We invite papers in Spanish, English, French, Portuguese, or any other language of the Americas that deal with this issue’s theme. Given Tusaaji’s hemispheric focus, papers discussing the experience of translation in the Americas from this perspective are welcome; however, this issue is not restricted geographically so submissions about all languages and regions will be considered.
In addition to scholarly articles, we also invite submissions of visual art and of translations in any genre, and from/into any of the languages of the journal.

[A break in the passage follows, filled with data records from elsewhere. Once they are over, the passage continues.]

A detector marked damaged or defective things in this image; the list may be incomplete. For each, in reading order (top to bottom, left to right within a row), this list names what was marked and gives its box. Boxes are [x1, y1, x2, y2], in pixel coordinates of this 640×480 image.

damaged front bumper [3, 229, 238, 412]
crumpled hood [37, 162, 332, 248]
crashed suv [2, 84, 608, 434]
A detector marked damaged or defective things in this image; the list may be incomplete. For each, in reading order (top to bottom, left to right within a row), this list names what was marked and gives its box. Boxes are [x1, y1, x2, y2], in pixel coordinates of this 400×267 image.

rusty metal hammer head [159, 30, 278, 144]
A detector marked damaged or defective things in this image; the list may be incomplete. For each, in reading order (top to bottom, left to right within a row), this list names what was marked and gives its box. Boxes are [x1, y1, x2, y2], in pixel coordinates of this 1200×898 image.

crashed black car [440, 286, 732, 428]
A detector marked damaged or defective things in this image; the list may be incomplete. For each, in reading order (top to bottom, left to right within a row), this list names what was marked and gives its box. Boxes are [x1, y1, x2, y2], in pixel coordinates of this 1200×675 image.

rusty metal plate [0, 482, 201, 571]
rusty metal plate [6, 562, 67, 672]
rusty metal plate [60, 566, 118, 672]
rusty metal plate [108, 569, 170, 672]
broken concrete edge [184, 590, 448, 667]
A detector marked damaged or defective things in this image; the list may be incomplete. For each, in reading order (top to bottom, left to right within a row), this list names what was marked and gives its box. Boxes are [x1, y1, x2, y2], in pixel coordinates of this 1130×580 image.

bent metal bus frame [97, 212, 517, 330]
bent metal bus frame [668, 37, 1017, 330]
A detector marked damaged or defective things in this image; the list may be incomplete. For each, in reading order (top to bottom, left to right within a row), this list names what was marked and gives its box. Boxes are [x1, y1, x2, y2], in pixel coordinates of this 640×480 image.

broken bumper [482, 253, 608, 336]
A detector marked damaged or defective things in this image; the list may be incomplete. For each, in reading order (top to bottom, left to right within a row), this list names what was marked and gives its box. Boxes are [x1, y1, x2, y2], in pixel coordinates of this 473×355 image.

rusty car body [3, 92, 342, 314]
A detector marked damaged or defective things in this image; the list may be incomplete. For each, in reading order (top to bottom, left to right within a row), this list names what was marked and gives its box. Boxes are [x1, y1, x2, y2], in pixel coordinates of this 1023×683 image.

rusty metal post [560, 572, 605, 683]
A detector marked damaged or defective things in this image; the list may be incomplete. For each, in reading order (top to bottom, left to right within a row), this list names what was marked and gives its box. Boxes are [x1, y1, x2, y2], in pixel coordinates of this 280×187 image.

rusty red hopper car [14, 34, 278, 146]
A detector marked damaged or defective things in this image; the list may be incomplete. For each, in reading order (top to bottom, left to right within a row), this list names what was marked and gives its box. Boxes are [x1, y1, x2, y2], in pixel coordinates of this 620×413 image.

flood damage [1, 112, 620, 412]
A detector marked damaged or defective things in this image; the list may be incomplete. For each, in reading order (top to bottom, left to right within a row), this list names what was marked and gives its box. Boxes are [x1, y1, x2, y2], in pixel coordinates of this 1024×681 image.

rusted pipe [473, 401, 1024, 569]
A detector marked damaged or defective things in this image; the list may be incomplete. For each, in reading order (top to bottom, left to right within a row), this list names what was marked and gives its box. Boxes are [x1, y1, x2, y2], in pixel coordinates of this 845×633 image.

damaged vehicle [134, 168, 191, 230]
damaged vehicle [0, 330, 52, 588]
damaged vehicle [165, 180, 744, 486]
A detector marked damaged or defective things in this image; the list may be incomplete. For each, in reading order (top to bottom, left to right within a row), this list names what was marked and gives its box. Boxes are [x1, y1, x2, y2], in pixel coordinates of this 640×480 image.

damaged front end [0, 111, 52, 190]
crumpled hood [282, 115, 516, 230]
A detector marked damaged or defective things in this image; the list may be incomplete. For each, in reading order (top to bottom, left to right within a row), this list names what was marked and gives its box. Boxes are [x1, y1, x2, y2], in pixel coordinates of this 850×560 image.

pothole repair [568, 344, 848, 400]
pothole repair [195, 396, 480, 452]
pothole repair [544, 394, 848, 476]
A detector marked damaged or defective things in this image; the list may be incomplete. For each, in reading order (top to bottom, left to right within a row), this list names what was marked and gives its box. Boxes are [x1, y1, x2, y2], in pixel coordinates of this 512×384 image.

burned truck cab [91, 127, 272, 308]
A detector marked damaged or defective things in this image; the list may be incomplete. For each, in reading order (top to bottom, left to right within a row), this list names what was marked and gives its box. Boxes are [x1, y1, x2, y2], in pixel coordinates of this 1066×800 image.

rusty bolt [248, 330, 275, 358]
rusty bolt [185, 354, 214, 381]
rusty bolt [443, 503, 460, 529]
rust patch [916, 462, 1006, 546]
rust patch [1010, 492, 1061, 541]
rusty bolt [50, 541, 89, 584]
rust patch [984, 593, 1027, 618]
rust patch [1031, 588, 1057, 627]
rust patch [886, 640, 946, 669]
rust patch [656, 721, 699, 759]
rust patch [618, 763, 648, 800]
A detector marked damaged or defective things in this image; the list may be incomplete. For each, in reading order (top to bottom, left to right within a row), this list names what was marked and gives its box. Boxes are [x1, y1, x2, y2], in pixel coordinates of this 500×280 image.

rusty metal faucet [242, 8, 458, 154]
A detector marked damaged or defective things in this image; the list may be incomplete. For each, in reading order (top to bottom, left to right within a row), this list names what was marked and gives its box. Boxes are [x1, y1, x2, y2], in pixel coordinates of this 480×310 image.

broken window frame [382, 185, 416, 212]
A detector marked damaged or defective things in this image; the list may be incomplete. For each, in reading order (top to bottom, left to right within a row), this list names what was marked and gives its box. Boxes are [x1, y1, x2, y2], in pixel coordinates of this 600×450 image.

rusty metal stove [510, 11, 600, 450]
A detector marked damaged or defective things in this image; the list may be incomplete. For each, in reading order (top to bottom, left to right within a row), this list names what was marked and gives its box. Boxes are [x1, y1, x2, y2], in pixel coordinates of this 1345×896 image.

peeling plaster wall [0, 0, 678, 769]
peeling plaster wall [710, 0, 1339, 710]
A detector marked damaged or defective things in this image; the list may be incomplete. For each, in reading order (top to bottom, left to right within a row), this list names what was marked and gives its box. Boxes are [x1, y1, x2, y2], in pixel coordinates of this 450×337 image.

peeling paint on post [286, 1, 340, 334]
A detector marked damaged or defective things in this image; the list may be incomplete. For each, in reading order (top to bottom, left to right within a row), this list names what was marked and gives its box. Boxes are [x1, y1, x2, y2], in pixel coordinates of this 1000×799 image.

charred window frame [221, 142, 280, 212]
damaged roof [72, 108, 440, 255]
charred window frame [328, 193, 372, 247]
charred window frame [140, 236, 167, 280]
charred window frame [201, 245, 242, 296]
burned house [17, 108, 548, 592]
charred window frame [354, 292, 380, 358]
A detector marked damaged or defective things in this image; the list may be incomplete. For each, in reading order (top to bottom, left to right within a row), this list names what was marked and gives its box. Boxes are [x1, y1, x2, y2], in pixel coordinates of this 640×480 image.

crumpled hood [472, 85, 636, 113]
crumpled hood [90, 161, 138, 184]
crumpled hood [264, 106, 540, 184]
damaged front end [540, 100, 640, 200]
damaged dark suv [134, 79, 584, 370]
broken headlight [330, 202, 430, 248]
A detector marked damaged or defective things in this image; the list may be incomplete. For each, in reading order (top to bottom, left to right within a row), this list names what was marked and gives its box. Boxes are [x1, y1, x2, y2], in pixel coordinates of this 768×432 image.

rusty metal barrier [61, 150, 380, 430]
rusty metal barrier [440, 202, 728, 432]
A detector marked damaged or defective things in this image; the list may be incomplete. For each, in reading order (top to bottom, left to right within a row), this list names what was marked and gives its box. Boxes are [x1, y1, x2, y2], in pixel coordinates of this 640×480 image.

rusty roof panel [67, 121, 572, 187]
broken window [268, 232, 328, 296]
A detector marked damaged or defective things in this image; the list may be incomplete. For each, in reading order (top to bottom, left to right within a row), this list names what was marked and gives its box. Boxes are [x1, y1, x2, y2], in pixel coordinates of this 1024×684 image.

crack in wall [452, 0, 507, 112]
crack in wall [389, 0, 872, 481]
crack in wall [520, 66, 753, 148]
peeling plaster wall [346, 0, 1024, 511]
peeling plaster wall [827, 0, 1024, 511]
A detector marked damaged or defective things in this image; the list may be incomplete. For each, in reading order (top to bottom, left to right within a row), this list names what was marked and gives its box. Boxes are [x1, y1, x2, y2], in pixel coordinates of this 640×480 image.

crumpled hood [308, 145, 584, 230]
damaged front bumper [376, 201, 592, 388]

Deadline: September 1, 2017. Submissions can be sent to the guest editor at sehnaz.tahir@gmail.com with a copy to the journal editorial team at tusaaji@yorku.ca. Submissions should adhere to the author guidelines: http://tusaaji.journals.yorku.ca/index.php/tusaaji/about/submissions#authorGuidelines
[1] Şehnaz Tahir Gürçağlar (2007) “Chaos Before Order: Network Maps and Research Design in DTS”, Meta, Special Issue, Connecting Translation and Network Studies, eds. D. Folaron and H. Buzelin,52: 4, 724-743.
[2] María Constanza Guzmán (2013) “Translation North and South: Composing the Translator’s Archive.” Special issue: Traduction et conscience sociale/Translation and Social Conscience: Around the Work of Daniel Simeoni. Eds. Hélène Buzelin and Alexis Nouss. TTR : traduction, terminology, rédaction. Vol. 26, No. 2, 2013 (published in 2016). 171-191.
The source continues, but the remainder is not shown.